Global perspective Human stories

UN reports on opium, women and post-conflict environments win US awards

UN reports on opium, women and post-conflict environments win US awards

Need recommendations on sustainable ways of eliminating Afghanistan's opium trade, or handling the environmental consequences of the war in Iraq, or assessing the social protection of women in Asia? United Nations reports on these topics have won awards from the American Library Association's (ALA) Library Journal.

A fourth winner of a "Notable Government Document Awards 2003" is a report on HIV/AIDS and migrant populations in southern Africa, compiled by the International Organization for Migration (IOM).

A UN Office on Drugs and Crime (UNODC) publication, "The Opium Economy in Afghanistan: An International Problem," records not only the cultivation, production, finance, trade and consumption that have built the illicit economy, but also "the dynamics, the reasons for its success, its beneficiaries and victims, and the problems it had caused both at home and abroad."

UNODC Executive Director Antonio Maria Costa points out that the publication includes recommendations for breaking the economic hold of opium.

They are: "to help poor farmers decide in favour of licit crops; to replace narco-usury with a proper credit system and micro-lending; to provide jobs to women and to itinerant workers; to provide education to children, particularly girls; to turn opium bazaars into modern commodity markets; and to neutralize traffickers' and warlords' efforts to keep the evil trade alive," he says.

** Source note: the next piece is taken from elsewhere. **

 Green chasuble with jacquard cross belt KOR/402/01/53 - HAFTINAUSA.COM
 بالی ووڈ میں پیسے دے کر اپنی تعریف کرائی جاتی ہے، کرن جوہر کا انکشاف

The UN Environment Programme's (UNEP) "Desk Study on the Environment in Iraq," extrapolating from earlier conflicts, recommends tackling the environmental effects of the war as soon as practicable. Of particular concern are water and power supplies, sanitation problems and pollution spreading from war-damaged sites.

"Social Safety Nets for Women," a study by the Economic and Social Commission for Asia and the Pacific (ESCAP), looks at formal and informal social protections for women in China, Indonesia, Japan, Republic of Korea, Malaysia and Thailand.